• prespiteryen'ler piskoposluğu reddeden ihtiyar meclisince yönetilen kalvinist sistem protestanların bulunduğu reforme kilisesine bağlı insanlara verilen isimdir.
  • protestanlığın demokratik kurallara göre örgütlenmiş kolu.
  • pam beesly’nin de mensubu olduğu hristiyan kilisesi.
  • sonradan hristiyan olan türkiye hristiyanlarının çoğunluğunun mensubu olduğu kilise görüşü, en yaygın popülasyon sanırım kadıköy'dedir.
  • kilise yönetimlerinin, sadece papazlardan oluşan ve belli bir hiyerarşik yapıda olan piskoposluklar yerine, dini bilgiye vakıf ihtiyar heyetleri tarafından icra edildiği ve başlangıçta kalvinizmin iskoçya'da yayılmış bir kolu olarak karşımıza çıkan presbiteryen cemaatleri, bir asır içerisinde, montana, wyoming, colorado gibi orta batı abd eyaletlerinin bazı bölgelerinde kökleşmiş hale gelmiştir.

    insanları ve inancı papalık ve hiyerarşik dinî idarelerin güdümünden kurtarmayı amaç edinen kalvinist yapılanmalar açısından kiliseler, hıristiyanlığın sadece incil'e dayalı olması gerektiği düşüncesi çerçevesinde imanın yayılması açısından birer araç konumundadır. ilginç bir şekilde son dönemde ülkemizdeki büyük şehirlerde görülen misyonerlik faaliyetlerinin de yine presbiteryen kiliseleri çerçevesinde icra edildiği görülmektedir.

    presbiteryenler:
    1- kiliselerinde haç dışında, heykel ve resim bulundurmaktan kaçınırlar.

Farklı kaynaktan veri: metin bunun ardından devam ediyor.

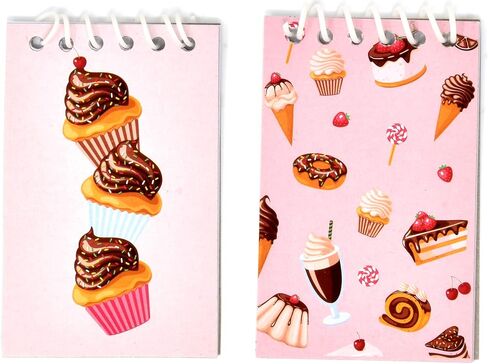 48 Count Donuts Ice Cream Cupcake Cookie Mini Notepads Cone Cake Dessert Themed Memo Spiral Notebooks for Kids Boys Girls Teacher School Classroom Rewards Goody Bag Birthday Party Favor Supplies Decor in Saudi Arabia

    2- ekmek şarap ayini (communion) ve vaftiz olmak üzere sadece iki sakramenti benimserler.

    3- kutsal ruh olgusuna ve imana çok fazla vurgu yaparlar.

    4-insanın kaderinin önceden tanrı tarafından belirlenmiş olduğuna, kimin iyi kimin kötü olacağına tanrının önceden karar verdiğine, yani insanların iyi yolu seçtikleri takdirde kurtuluşa ereceklerine değil, iyi yolu seçip kurtuluşa erenlerin zaten önceden tanrı tarafından seçildiklerine inanırlar. bu bağlamda ayrıca, insanların zengin veya fakir olmasının, ezen veya ezilen olmasının, yaradılışının vb. tanrının takdiriyle belirlendiğini ve bu nedenle de sürekli olarak tanrının merhametine sığınmak gerektiğini söylerler.

    yani onlara göre insanlar eşit yaratılmamıştır çünkü tanrı bunu böyle uygun görmüştür; burjuvalar, zengin insanlar, çalışkan veya yetenekli yaratıldıkları için zengindir. yani toplumun düzenini tanrı belirlemiştir diyerek çok çalıştığı halde sömürülen ve dünyanın zenginlikten payını alamayan insanlara kaderlerine razı gelmelerini öğütlemektedir. bu bağlamda, her ne kadar ortaçağdaki bağnazlığa karşı çıksa da, aristokrasinin hizmetindeki katolikliğin köylülere dayattığı kaderine razı gelme anlayışı, presbiteryenlik gibi kalvinist mezhepler tarafından bu defa işçilere öğütlenmektedir.

    bu şekilde, dinin hakim egemen sınıfın çıkarlarına nasıl hizmet ettiği yine tüm çıplaklığı ile görülebilmektedir.